Finding big passions in small things
If you love your work, what do you love about it? If you haven’t found work you love, what’s kept you from finding it?
I ask these questions because it dawned on me recently that the roots of my interest in programming boil down to just a few, rather modest particulars. They are as follows.
I enjoy the constancy of organization. I love having a problem to solve and a goal of not just defining the data and logic I need, but how best to wrap this up into a digestible model. Consider all the big principles and practices that exist in the universe of programming that — at its core — are opinions on organization. Here are just a few:
- Relational database modeling
- Classes, structs, interfaces….really, any data type
- MVC, MVVM…any application pattern
- Functional, procedural, object-oriented, aspect-oriented…any style of programming
- Each of the SOLID principles
- HTML/CSS/JS (Structure, presentation, and functionality)
- CSS pre-processors
I love the craft of editing. I’d guess 90% of my time writing code is actually spent editing what’s there. It’s the best part of coding to me — to hammer something working into something working well.
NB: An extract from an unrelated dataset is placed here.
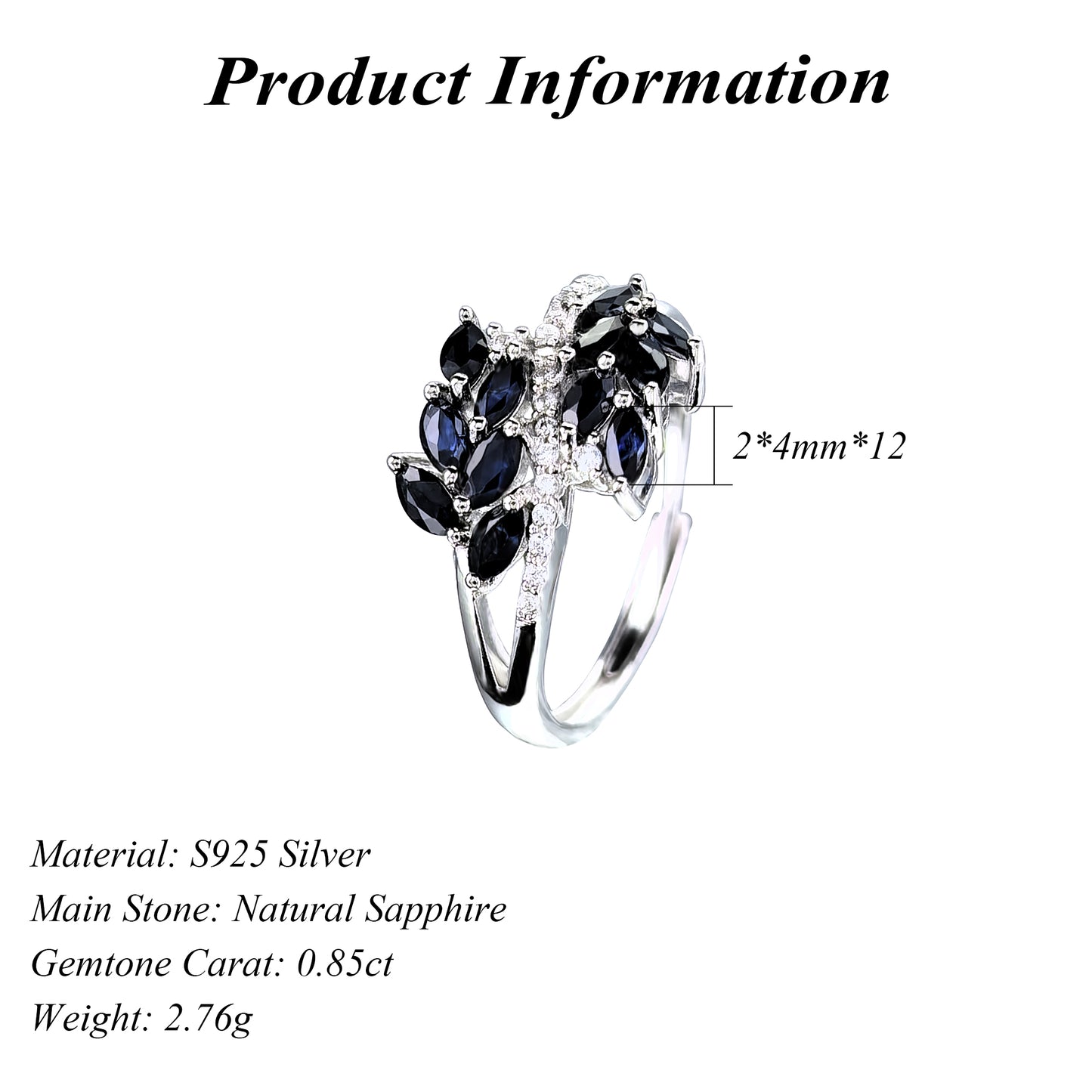 Delicate Rhodium Plated 925 Sterling Silver Natural Sapphire Leaves Ring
Then, to keep bending things into just the right shape.
- Naming things better
- Stumbling upon a pattern, then reshaping code to fit the pattern
- Encapsulating code more strictly
- Ensuring syntactic consistency
- Removing code I once thought necessary
- Revisiting and straightening out confusing logic
I’m passionate about typographic design — in particular, the spacing, heights, margins, borders and decor surrounding words. I had a strange childhood obsession with calligraphy because the artistry lied in the precision of each letter’s shape and the space between them.
In the late 90s, my venture into programming started with web design. I bastardized table layouts like we all did back then. But, despite all the standards sins committed then, that kind of design unearthed a long-dormant obsession I had with typographic design.
And design for me doesn’t just end on the product. I also carry that over into the editing process. I’ll spend time solely cleaning up indentations and line breaks. Call it programmatic OCD — but it’s enjoyable for me. Every time I open up my IDE, I look at the typographic design of the code as well.
The real reasons I love to code are basic. But they’ve helped me become, I hope, a good programmer over these past two decades. Because, along the way, I’ve gotten better at all the other stuff around programming (performance bottlenecks, caching strategies, and memory management just to name a few) that I either wouldn’t enjoy in isolation or have the drive to improve upon. It’s because I know what parts of the job I really love that keep me interested in the topic as a whole.
If you haven’t found the thing you love doing, it may be that you’re focusing too hard at the things that don’t speak to you immediately rather than hanging on tightly to the things that do.